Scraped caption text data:
__________
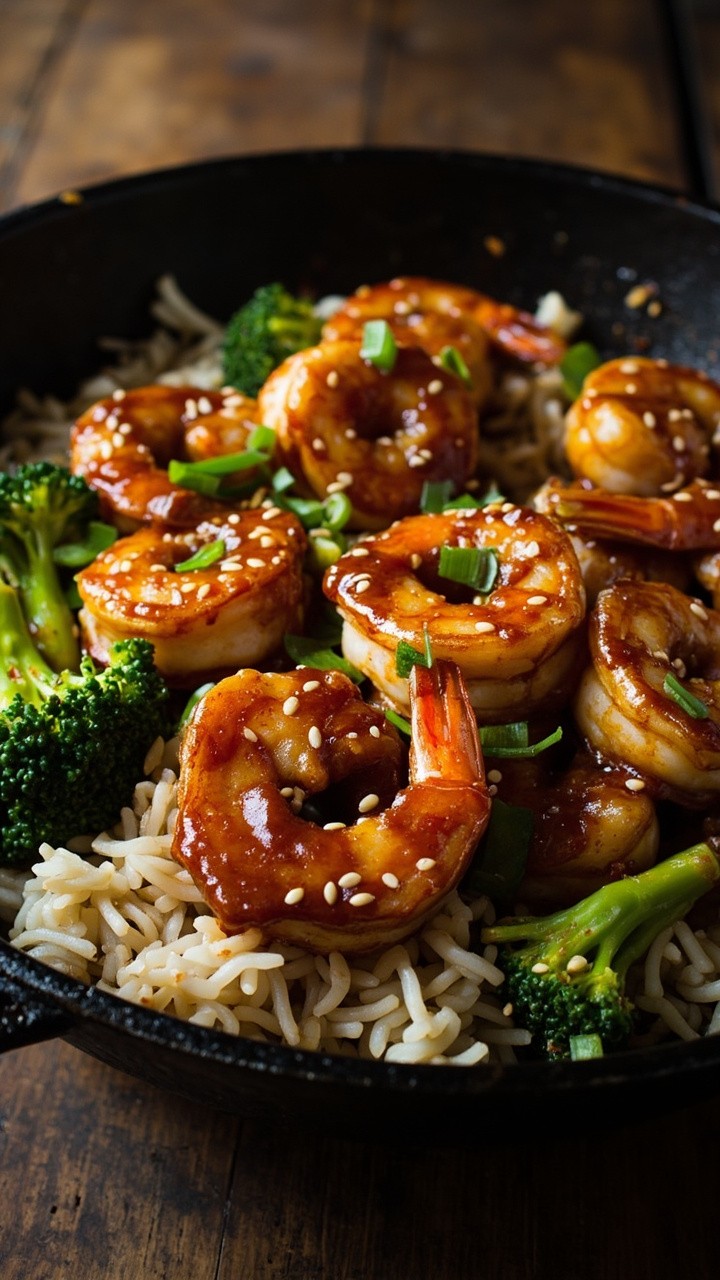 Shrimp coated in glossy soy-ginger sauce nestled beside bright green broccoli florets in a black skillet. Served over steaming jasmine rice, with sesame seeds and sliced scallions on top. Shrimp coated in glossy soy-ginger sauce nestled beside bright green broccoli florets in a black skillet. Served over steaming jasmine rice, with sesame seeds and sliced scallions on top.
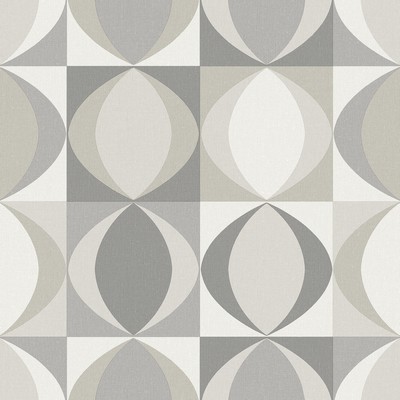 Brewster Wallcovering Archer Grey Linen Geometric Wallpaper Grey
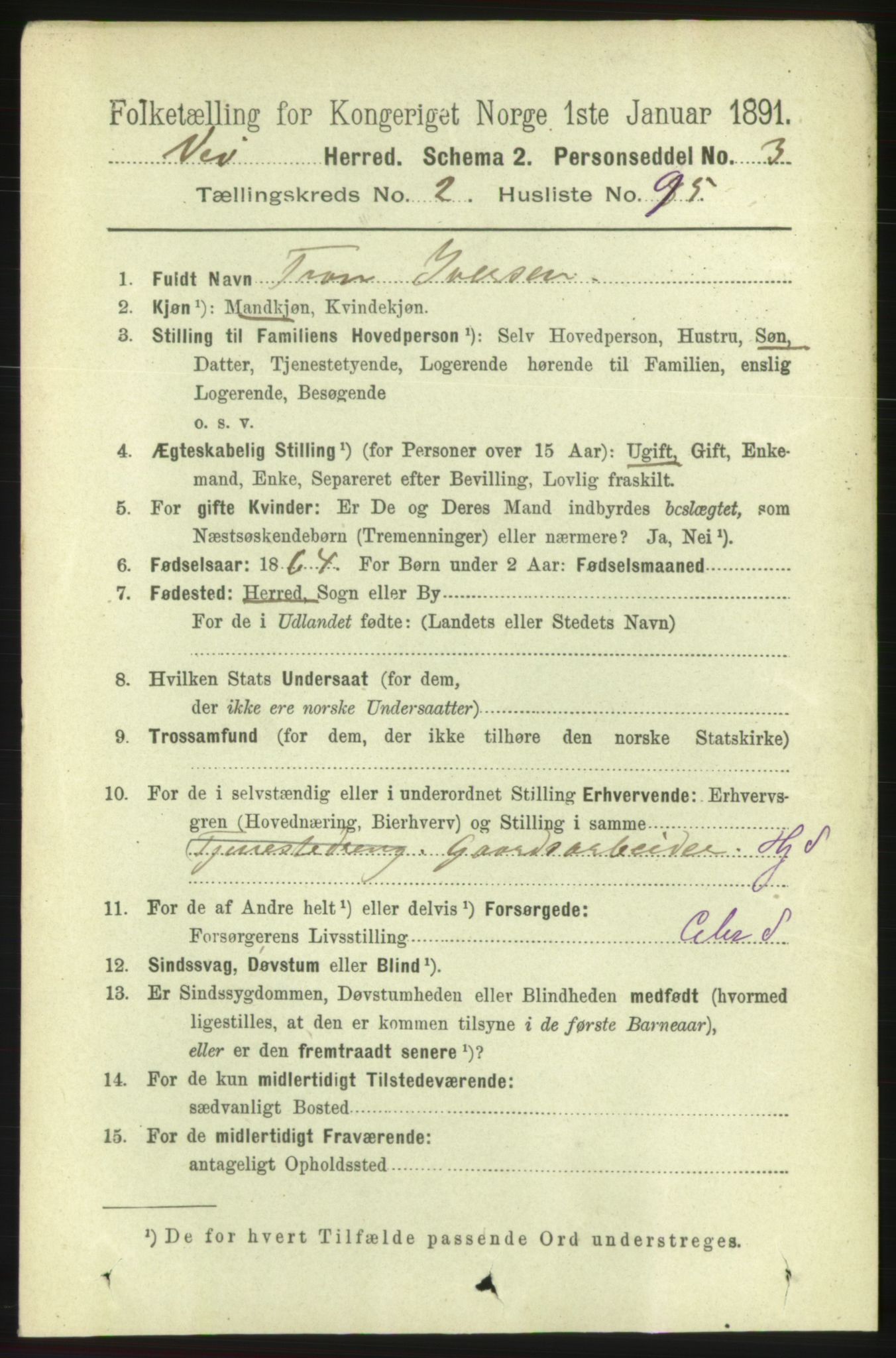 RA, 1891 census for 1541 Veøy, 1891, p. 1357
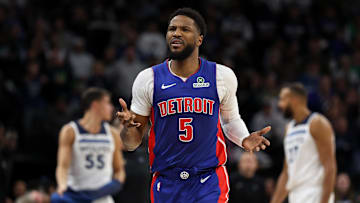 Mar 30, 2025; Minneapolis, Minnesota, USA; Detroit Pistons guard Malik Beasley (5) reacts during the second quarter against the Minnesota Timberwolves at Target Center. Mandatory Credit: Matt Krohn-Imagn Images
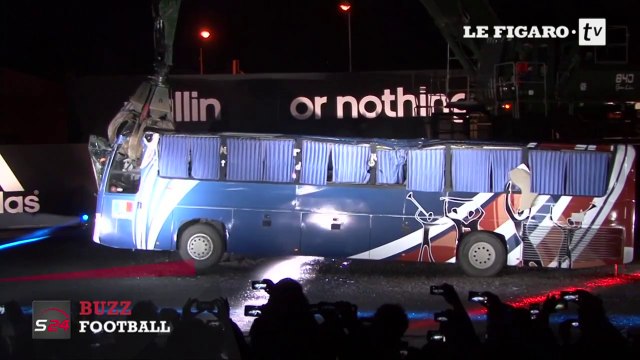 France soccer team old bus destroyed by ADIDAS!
__________
Aim of the exercise:
Can the entries above be repeated exactly, without their pictures?

Output of the exercise:
 Shrimp coated in glossy soy-ginger sauce nestled beside bright green broccoli florets in a black skillet. Served over steaming jasmine rice, with sesame seeds and sliced scallions on top. Shrimp coated in glossy soy-ginger sauce nestled beside bright green broccoli florets in a black skillet. Served over steaming jasmine rice, with sesame seeds and sliced scallions on top.
 Brewster Wallcovering Archer Grey Linen Geometric Wallpaper Grey
 RA, 1891 census for 1541 Veøy, 1891, p. 1357
 Mar 30, 2025; Minneapolis, Minnesota, USA; Detroit Pistons guard Malik Beasley (5) reacts during the second quarter against the Minnesota Timberwolves at Target Center. Mandatory Credit: Matt Krohn-Imagn Images
 France soccer team old bus destroyed by ADIDAS!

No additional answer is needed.